With Asylum Records behind their debut release, The Souther Hillman Furay Band found themselves receiving a huge amount of press and hype. It seemed like this was the band that Furay always wanted to be in. The release did go gold and even scored a top 40 hit on the Billboard charts with "Fallin' in Love" but was generally considered a disappointment from both a sales and critical perspective. Their 1975 follow up, the appropriately titled Trouble in Paradise, was the final nail in the coffin as the album was never up to the standard of the debut and had even less commercial success.
Their debut album may not be as consistent as some of the other records that Furay, Hillman and Souther had recorded on but it was a strong collection of songs with enough magical moments on their to regard it as a 70’s country rock classic.
The SHF Band entered the studio only months after the death of Gram Parsons who was a friend of Furays and close collaborater with Hillman. The Hillman penned "Heavenly Fire" was a fitting tribute to the man with the lines "Hard to live, easy to die, makes you want to get down on your knees and cry" summing up the tragic end of such a gifted musicians life. Southers contributions included the standard country rockers of "The Heartbreaker" and "Border Town", but it was the albums closing track "Deep, Dark and Dreamless nights" where Souther was at his best. The hushed verses combined with the layered harmonies in the chorus were the makings of a classic ballad that had the album finish on a particularly high note. But the person who really shone on this record was Furay. The opening track "Fallin' in Love" was a catchy tune that wouldn't have sounded out of place on a Poco album, but it was "Believe Me" that would prove to be the centrepiece of this record. Not only was it one of Furays greatest moments as a songwriter but it displayed just what heights this band could reach when things did gel.

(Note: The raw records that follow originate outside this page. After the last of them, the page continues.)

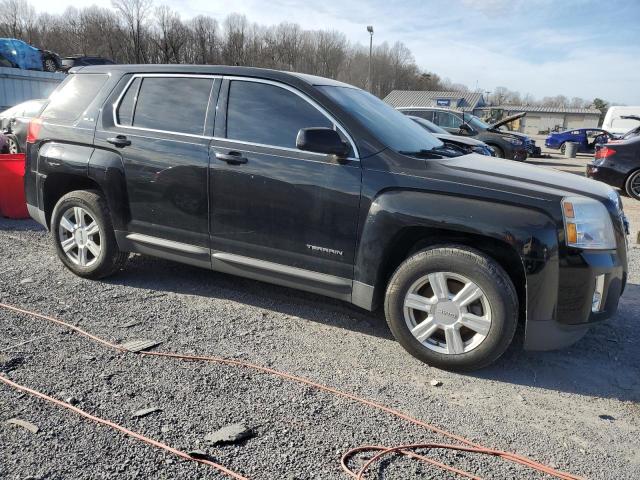 Photo 4 from auction – 2015 GMC TERRAIN SL with VIN 2GKALMEK1F6315052
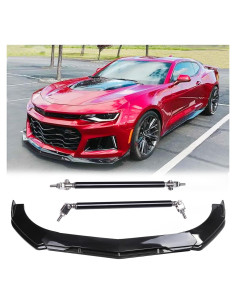 Labio Frontal Universal DEERMOTO con Varillas Divisoras Ajustable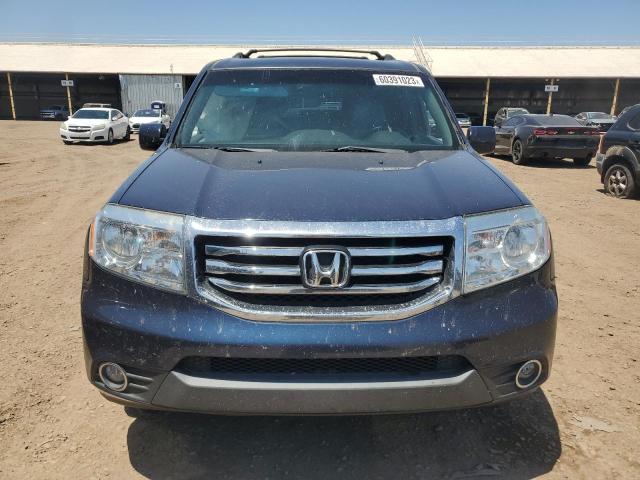 Photo 5 from auction – 2012 HONDA PILOT EXL with VIN 5FNYF4H56CB061206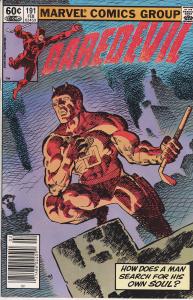 Daredevil #191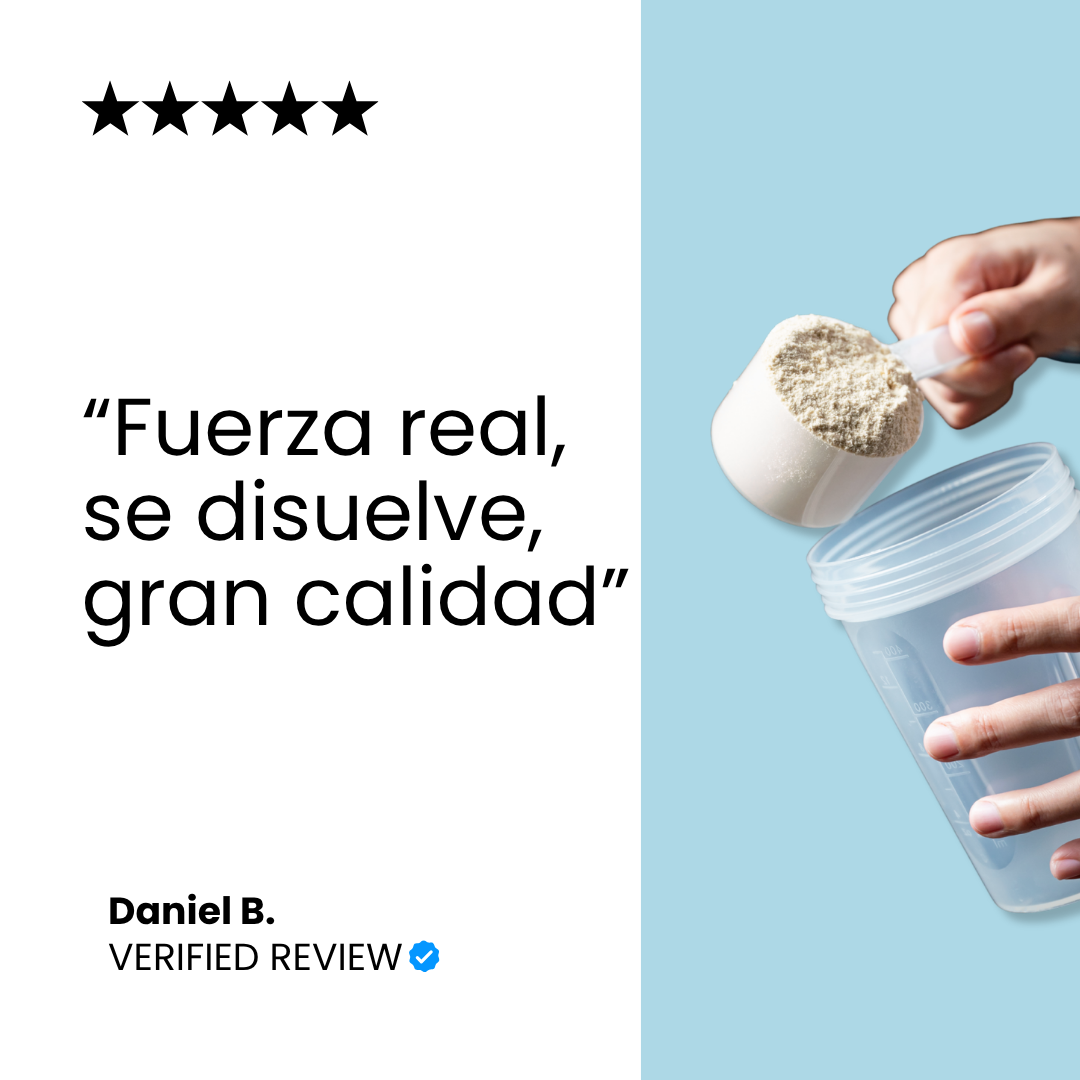 CREATINE™ Creatina Monohidrato 200 Mesh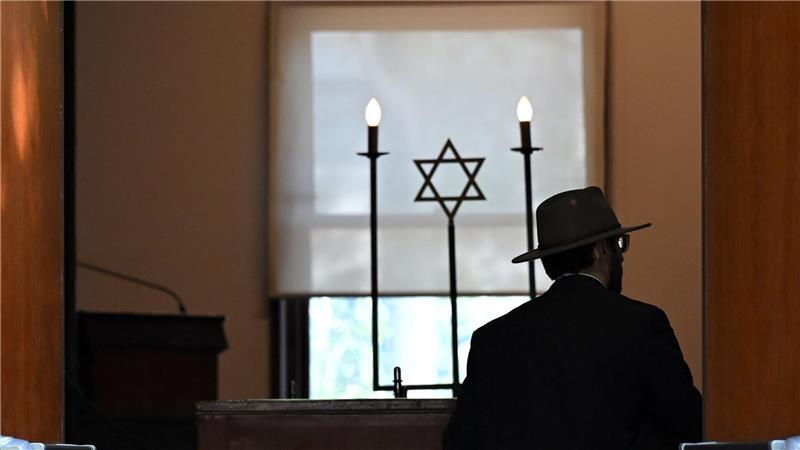 Kleytman wurde am Donnerstag auf einem jüdischen Friedhof beigesetzt.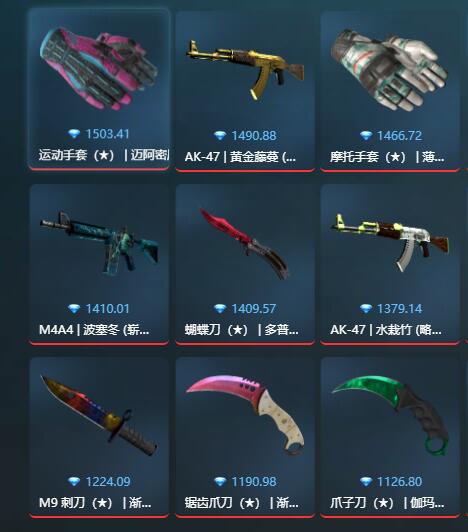 csgo官方承认的开箱网站_csgo可以免押金饰品的平台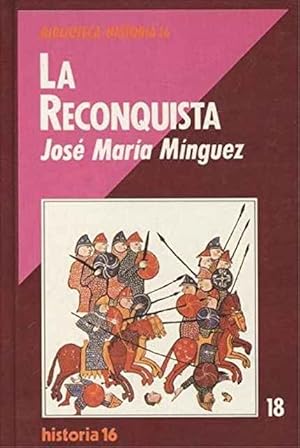 Imagen del vendedor de La Reconquista a la venta por SOSTIENE PEREIRA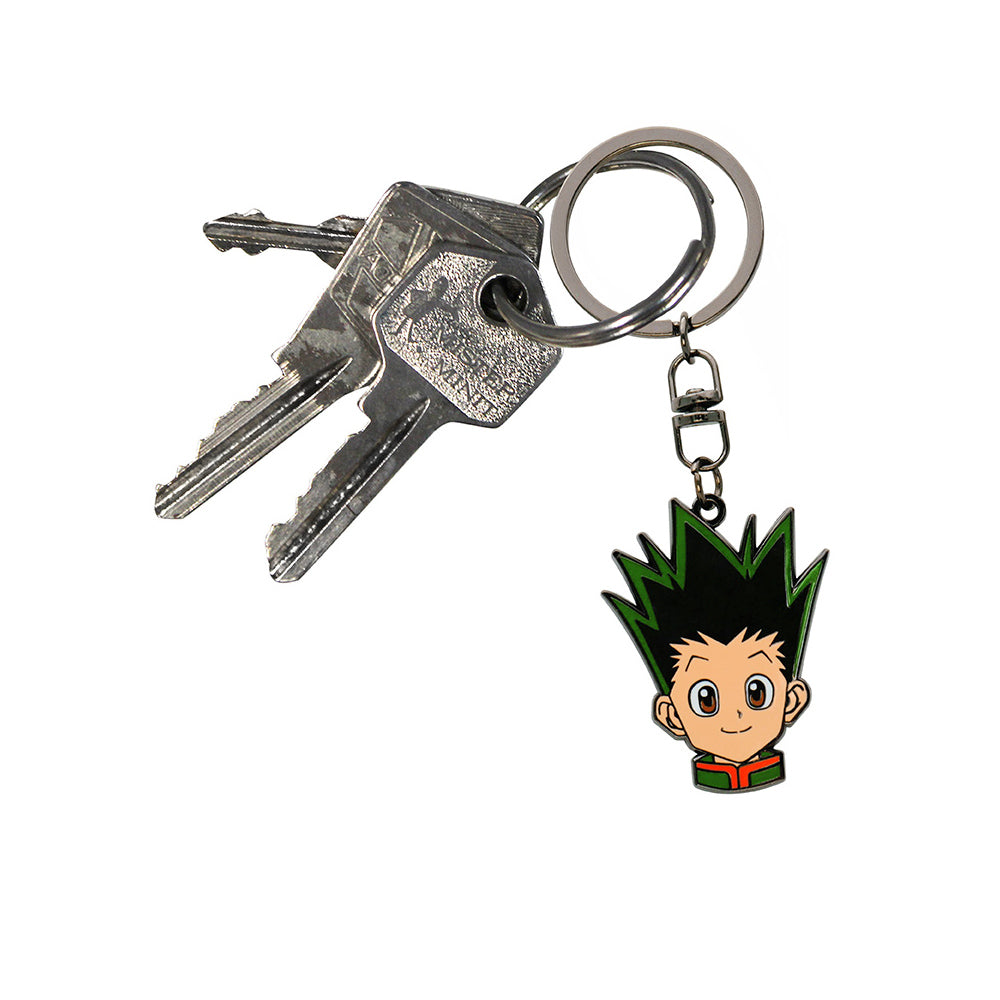 Hunter x Hunter - Gons Head - Schlüsselanhänger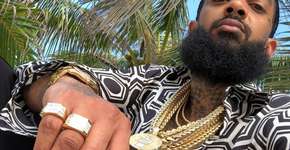 Foto: (reprodução/Instagram/@nipseyhussle)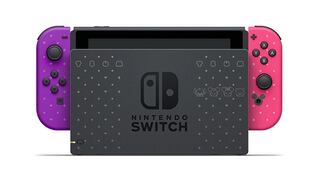 Así luce la nueva Nintendo Switch que tiene un diseño especial de Disney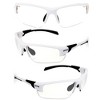 Global Vision Eyewear Hercules 7 24 Photochromic Safety Cycling & Tennis Glasses - 4 of 4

The album didn't achieve the kind of success that had been expected from it. After the bands disintegration each member went their own separate ways. Hillman made several solo albums and would collaborate again with former Byrds members Roger MCGuinn and Gene Clark as well as having some commercial success with The Desert Rose Band. Souther continued to collaborate behind the scenes with other prominent musicians and made a total of four critically acclaimed solo records in his career and even delved into acting. The Souther Hillman Furay Band did not act as the vehicle that would see Richie Furay rise to rock n roll stardom but his time spent with the group proved to be pivotal in his own life. Al Perkins who provided pedal steel for the group introduced Richie to Christianity, something Furay would turn to as he tried to save his marriage with wife Nancy. After this period in his life Furay had a new outlook and attaining fame was no longer a priority. He is currently a pastor in Colorado and has made several Christian rock albums.